### Problem statement
Read the entries that follow and give each one again precisely.

### Dataset excerpts
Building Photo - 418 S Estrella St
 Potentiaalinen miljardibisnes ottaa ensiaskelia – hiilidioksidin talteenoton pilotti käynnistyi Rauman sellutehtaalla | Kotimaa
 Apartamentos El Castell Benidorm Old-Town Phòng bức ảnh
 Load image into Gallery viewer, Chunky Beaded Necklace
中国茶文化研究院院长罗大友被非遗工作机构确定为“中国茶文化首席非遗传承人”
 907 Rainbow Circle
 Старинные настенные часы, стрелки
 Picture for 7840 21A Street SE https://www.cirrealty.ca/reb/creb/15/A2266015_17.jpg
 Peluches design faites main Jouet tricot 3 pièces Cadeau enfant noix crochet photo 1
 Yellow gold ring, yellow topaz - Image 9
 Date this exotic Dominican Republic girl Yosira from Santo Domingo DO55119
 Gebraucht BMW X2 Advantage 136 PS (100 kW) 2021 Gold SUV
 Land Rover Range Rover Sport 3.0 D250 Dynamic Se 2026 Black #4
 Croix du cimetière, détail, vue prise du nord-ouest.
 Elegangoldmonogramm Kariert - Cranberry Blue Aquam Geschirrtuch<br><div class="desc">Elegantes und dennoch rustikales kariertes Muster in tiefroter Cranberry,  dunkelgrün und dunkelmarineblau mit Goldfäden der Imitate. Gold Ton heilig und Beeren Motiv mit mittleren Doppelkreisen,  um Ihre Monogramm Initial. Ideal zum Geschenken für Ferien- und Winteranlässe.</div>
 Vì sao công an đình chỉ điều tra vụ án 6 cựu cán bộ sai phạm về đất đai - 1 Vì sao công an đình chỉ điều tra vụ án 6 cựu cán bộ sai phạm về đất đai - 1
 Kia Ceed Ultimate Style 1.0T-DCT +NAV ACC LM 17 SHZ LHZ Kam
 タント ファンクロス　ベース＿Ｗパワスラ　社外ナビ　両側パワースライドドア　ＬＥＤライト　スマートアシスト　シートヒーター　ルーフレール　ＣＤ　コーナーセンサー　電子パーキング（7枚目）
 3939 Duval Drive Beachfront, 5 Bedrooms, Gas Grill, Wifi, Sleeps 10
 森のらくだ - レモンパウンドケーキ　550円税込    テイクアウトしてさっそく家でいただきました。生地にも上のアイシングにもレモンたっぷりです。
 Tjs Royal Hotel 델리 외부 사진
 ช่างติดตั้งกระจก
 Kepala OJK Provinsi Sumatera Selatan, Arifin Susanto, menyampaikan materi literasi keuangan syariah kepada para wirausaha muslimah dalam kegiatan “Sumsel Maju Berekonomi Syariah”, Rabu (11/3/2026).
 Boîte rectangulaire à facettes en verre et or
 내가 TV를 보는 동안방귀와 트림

### Answer space
Building Photo - 418 S Estrella St
 Potentiaalinen miljardibisnes ottaa ensiaskelia – hiilidioksidin talteenoton pilotti käynnistyi Rauman sellutehtaalla | Kotimaa
 Apartamentos El Castell Benidorm Old-Town Phòng bức ảnh
 Load image into Gallery viewer, Chunky Beaded Necklace
中国茶文化研究院院长罗大友被非遗工作机构确定为“中国茶文化首席非遗传承人”
 907 Rainbow Circle
 Старинные настенные часы, стрелки
 Picture for 7840 21A Street SE https://www.cirrealty.ca/reb/creb/15/A2266015_17.jpg
 Peluches design faites main Jouet tricot 3 pièces Cadeau enfant noix crochet photo 1
 Yellow gold ring, yellow topaz - Image 9
 Date this exotic Dominican Republic girl Yosira from Santo Domingo DO55119
 Gebraucht BMW X2 Advantage 136 PS (100 kW) 2021 Gold SUV
 Land Rover Range Rover Sport 3.0 D250 Dynamic Se 2026 Black #4
 Croix du cimetière, détail, vue prise du nord-ouest.
 Elegangoldmonogramm Kariert - Cranberry Blue Aquam Geschirrtuch<br><div class="desc">Elegantes und dennoch rustikales kariertes Muster in tiefroter Cranberry,  dunkelgrün und dunkelmarineblau mit Goldfäden der Imitate. Gold Ton heilig und Beeren Motiv mit mittleren Doppelkreisen,  um Ihre Monogramm Initial. Ideal zum Geschenken für Ferien- und Winteranlässe.</div>
 Vì sao công an đình chỉ điều tra vụ án 6 cựu cán bộ sai phạm về đất đai - 1 Vì sao công an đình chỉ điều tra vụ án 6 cựu cán bộ sai phạm về đất đai - 1
 Kia Ceed Ultimate Style 1.0T-DCT +NAV ACC LM 17 SHZ LHZ Kam
 タント ファンクロス　ベース＿Ｗパワスラ　社外ナビ　両側パワースライドドア　ＬＥＤライト　スマートアシスト　シートヒーター　ルーフレール　ＣＤ　コーナーセンサー　電子パーキング（7枚目）
 3939 Duval Drive Beachfront, 5 Bedrooms, Gas Grill, Wifi, Sleeps 10
 森のらくだ - レモンパウンドケーキ　550円税込    テイクアウトしてさっそく家でいただきました。生地にも上のアイシングにもレモンたっぷりです。
 Tjs Royal Hotel 델리 외부 사진
 ช่างติดตั้งกระจก
 Kepala OJK Provinsi Sumatera Selatan, Arifin Susanto, menyampaikan materi literasi keuangan syariah kepada para wirausaha muslimah dalam kegiatan “Sumsel Maju Berekonomi Syariah”, Rabu (11/3/2026).
 Boîte rectangulaire à facettes en verre et or
 내가 TV를 보는 동안방귀와 트림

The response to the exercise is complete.